AIM OF THE TASK:
From the data below, retype exactly the lines starting with the one that contains "Roll again. Yeah." and ending with the one that contains "Now for the", both included.

- Opening Delimiter -

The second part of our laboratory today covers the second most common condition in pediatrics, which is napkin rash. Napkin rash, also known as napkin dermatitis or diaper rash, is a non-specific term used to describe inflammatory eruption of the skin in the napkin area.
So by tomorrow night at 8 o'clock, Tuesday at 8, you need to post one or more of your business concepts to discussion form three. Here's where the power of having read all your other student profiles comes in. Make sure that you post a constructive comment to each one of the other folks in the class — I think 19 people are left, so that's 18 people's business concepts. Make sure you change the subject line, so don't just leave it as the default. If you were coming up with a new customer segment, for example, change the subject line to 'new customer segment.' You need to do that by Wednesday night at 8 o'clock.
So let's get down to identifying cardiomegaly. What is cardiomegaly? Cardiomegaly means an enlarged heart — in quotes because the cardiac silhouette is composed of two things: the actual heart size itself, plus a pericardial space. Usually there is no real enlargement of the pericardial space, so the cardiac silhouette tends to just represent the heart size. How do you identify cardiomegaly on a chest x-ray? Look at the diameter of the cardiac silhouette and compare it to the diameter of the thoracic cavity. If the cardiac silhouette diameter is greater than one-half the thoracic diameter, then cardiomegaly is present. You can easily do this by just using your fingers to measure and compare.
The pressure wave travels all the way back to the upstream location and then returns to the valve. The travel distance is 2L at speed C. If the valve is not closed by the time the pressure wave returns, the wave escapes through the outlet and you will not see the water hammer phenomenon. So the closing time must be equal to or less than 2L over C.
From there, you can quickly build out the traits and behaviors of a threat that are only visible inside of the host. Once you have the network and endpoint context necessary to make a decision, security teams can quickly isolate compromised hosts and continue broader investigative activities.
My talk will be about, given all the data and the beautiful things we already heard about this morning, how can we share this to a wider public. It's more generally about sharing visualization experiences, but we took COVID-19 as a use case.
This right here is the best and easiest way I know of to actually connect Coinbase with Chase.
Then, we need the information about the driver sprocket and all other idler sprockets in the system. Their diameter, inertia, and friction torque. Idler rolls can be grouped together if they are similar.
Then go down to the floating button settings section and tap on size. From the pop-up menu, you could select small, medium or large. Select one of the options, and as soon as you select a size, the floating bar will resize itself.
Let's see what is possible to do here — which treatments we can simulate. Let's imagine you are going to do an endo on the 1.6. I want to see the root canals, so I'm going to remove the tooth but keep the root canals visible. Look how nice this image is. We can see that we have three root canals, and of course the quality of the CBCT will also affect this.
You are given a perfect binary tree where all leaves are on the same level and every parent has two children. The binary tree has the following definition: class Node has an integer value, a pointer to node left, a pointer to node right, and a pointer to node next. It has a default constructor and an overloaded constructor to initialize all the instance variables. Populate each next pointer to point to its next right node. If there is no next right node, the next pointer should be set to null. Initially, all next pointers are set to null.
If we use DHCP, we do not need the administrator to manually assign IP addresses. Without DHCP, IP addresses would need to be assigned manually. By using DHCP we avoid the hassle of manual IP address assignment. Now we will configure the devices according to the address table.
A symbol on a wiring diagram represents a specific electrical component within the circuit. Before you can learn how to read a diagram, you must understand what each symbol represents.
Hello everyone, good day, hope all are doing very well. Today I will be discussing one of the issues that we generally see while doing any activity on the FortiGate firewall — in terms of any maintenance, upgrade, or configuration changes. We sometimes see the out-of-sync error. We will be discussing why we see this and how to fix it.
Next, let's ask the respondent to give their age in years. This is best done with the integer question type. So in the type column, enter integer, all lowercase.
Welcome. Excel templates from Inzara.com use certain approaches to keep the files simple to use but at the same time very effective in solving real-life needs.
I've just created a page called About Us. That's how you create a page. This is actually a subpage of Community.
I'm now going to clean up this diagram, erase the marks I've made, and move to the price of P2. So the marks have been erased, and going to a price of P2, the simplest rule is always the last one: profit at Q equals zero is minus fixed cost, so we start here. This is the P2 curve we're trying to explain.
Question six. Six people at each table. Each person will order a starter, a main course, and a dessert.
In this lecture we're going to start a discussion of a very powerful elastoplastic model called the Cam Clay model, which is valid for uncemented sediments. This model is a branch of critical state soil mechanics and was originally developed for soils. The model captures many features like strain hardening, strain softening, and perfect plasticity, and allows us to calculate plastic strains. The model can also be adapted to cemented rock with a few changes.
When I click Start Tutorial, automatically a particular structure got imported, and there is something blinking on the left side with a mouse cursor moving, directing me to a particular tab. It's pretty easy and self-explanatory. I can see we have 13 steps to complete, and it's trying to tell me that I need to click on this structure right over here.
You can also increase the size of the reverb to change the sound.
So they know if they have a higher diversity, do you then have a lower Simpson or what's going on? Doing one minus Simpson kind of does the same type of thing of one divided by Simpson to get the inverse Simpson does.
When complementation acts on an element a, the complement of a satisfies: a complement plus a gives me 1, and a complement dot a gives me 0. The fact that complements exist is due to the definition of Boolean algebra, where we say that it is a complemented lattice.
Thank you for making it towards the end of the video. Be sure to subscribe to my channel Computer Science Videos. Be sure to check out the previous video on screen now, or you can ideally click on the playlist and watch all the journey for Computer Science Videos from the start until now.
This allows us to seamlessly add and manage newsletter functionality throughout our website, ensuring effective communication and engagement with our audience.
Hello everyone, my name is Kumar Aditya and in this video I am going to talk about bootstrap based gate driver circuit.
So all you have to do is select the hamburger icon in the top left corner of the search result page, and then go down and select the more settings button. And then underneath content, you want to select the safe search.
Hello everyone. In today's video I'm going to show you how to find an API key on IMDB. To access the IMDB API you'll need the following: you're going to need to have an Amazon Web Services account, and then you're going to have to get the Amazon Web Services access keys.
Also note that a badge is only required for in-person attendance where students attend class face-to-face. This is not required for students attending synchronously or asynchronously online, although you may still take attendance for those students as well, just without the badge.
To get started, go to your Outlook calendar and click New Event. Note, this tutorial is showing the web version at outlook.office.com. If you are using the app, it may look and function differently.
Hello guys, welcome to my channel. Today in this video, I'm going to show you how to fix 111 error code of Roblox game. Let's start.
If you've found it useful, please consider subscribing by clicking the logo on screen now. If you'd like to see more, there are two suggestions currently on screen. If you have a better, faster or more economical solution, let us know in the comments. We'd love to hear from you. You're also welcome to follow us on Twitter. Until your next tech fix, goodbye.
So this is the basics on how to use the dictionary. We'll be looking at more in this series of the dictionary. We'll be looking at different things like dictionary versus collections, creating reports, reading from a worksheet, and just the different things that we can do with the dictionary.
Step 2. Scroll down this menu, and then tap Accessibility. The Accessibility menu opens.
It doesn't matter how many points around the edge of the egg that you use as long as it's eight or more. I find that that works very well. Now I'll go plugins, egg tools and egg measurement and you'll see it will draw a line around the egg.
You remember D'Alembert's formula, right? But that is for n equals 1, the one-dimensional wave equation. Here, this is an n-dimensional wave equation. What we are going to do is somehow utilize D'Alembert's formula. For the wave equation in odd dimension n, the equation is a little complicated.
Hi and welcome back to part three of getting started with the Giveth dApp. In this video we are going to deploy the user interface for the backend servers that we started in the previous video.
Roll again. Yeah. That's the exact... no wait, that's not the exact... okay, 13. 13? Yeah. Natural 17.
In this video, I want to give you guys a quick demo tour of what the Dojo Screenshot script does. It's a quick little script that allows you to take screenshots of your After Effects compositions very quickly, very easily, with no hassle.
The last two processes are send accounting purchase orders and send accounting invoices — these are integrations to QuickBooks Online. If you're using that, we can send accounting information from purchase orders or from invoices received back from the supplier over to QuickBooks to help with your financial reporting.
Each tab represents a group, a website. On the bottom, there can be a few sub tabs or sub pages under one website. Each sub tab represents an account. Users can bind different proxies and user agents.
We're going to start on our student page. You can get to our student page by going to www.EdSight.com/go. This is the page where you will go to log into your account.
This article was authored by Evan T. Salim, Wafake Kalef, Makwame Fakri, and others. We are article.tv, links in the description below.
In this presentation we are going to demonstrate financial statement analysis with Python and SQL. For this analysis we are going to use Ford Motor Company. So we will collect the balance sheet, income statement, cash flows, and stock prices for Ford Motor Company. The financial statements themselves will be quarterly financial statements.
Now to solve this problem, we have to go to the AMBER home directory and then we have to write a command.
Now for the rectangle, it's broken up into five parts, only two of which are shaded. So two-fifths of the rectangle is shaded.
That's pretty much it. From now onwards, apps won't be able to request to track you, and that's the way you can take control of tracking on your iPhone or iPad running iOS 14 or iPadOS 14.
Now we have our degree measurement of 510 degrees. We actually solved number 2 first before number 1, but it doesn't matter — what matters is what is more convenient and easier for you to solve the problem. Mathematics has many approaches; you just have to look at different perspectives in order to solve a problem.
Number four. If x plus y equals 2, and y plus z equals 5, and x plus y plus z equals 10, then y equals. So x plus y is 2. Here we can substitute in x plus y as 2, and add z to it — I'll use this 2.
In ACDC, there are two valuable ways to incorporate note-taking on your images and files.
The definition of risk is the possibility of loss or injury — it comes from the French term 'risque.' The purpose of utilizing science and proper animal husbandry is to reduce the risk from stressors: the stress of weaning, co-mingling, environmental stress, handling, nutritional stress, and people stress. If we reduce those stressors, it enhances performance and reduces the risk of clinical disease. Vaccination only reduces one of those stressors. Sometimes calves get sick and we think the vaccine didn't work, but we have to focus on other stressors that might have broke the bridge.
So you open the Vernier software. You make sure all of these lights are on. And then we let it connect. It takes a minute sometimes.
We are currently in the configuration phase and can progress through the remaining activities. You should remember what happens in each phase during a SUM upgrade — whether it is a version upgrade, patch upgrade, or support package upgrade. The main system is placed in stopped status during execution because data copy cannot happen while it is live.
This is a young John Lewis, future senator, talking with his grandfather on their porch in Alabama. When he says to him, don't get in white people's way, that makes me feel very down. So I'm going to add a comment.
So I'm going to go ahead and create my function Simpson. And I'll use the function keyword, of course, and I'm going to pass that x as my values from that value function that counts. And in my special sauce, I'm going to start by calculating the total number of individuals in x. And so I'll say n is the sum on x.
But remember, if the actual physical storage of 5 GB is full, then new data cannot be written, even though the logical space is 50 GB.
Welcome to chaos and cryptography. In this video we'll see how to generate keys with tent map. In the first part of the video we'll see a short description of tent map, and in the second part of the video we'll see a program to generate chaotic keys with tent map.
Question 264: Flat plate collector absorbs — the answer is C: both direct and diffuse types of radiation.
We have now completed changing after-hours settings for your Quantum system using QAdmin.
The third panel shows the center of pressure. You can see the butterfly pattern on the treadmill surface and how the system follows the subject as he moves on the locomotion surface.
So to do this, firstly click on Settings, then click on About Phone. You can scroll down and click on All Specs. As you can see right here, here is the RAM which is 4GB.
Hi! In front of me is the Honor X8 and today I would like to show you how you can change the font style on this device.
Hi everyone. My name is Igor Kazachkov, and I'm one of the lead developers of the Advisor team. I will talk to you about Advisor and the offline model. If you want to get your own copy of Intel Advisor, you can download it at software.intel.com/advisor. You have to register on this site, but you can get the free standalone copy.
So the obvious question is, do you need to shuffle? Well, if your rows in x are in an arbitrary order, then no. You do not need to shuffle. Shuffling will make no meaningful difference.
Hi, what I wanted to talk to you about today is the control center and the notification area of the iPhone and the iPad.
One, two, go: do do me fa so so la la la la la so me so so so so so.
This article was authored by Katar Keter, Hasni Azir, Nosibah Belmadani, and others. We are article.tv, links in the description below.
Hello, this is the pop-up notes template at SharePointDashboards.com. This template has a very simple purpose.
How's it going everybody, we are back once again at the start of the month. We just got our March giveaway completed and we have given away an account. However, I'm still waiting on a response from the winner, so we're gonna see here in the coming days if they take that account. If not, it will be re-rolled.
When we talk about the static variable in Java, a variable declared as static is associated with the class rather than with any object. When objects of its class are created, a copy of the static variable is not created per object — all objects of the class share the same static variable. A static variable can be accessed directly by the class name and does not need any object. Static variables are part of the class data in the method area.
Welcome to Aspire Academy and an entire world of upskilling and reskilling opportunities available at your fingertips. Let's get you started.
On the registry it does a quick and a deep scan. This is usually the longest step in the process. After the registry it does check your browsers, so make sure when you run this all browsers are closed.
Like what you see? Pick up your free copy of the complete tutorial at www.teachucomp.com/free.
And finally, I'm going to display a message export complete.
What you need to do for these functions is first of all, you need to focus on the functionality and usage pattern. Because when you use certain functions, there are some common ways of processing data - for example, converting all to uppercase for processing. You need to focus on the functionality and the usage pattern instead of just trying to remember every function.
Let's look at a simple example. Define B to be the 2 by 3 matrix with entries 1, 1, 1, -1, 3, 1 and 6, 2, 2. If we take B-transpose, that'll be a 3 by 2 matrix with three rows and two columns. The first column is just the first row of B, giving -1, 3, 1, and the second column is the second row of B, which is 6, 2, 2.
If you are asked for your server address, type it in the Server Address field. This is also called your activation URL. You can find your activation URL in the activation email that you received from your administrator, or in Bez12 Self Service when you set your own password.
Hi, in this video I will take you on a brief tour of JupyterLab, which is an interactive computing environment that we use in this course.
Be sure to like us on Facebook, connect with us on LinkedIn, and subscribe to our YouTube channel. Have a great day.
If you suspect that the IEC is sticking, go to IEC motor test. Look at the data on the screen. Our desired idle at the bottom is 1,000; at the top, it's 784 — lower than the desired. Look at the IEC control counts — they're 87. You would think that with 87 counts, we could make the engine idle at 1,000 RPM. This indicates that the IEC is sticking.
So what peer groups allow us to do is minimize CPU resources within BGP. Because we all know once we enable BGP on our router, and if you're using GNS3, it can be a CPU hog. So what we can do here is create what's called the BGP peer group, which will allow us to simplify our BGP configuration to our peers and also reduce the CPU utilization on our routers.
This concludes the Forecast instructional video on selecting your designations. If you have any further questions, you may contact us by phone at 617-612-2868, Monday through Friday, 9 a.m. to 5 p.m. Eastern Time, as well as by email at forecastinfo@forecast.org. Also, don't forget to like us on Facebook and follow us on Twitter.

- Closing Delimiter -

EXERCISE SOLUTION:
Roll again. Yeah. That's the exact... no wait, that's not the exact... okay, 13. 13? Yeah. Natural 17.
In this video, I want to give you guys a quick demo tour of what the Dojo Screenshot script does. It's a quick little script that allows you to take screenshots of your After Effects compositions very quickly, very easily, with no hassle.
The last two processes are send accounting purchase orders and send accounting invoices — these are integrations to QuickBooks Online. If you're using that, we can send accounting information from purchase orders or from invoices received back from the supplier over to QuickBooks to help with your financial reporting.
Each tab represents a group, a website. On the bottom, there can be a few sub tabs or sub pages under one website. Each sub tab represents an account. Users can bind different proxies and user agents.
We're going to start on our student page. You can get to our student page by going to www.EdSight.com/go. This is the page where you will go to log into your account.
This article was authored by Evan T. Salim, Wafake Kalef, Makwame Fakri, and others. We are article.tv, links in the description below.
In this presentation we are going to demonstrate financial statement analysis with Python and SQL. For this analysis we are going to use Ford Motor Company. So we will collect the balance sheet, income statement, cash flows, and stock prices for Ford Motor Company. The financial statements themselves will be quarterly financial statements.
Now to solve this problem, we have to go to the AMBER home directory and then we have to write a command.
Now for the rectangle, it's broken up into five parts, only two of which are shaded. So two-fifths of the rectangle is shaded.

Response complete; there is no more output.